▸ **SUPPLIED INFORMATION**:
=== Begin Enclosure ===
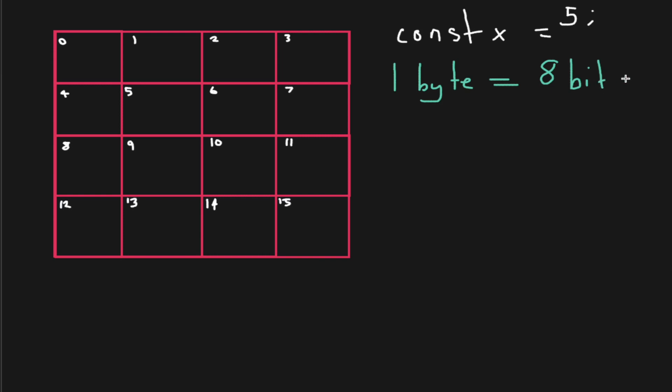So a bit is simply just a zero or one value, it's a binary value. One of the simplest data structures you can have is just a variable that tells you if it's a boolean or not. So you could have a one or a zero. You only need one bit for that bit of information.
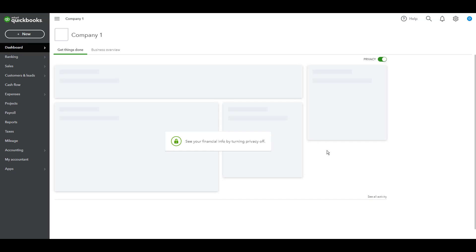How to record consignment sales in QuickBooks Online. First, we need to know what consignment sales are.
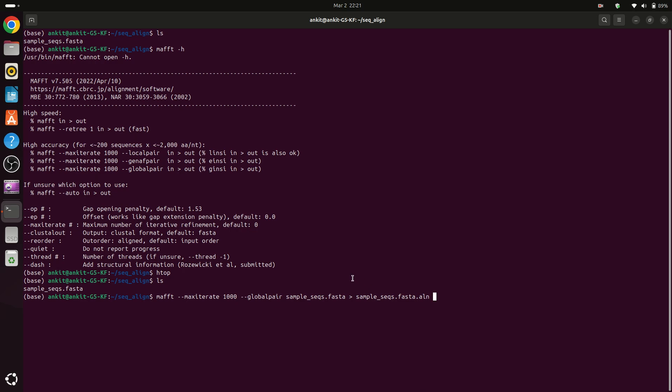But as I have 16 I can provide more. For example now I will provide here 12 threads, so I am typing here 12 to speed up my alignment.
=== End Enclosure ===
▸ **WHAT YOU SHOULD DO**:
Repeat all the material above exactly, apart from the pictures.

▸ **WRITTEN ANSWER**:
So a bit is simply just a zero or one value, it's a binary value. One of the simplest data structures you can have is just a variable that tells you if it's a boolean or not. So you could have a one or a zero. You only need one bit for that bit of information.
How to record consignment sales in QuickBooks Online. First, we need to know what consignment sales are.
But as I have 16 I can provide more. For example now I will provide here 12 threads, so I am typing here 12 to speed up my alignment.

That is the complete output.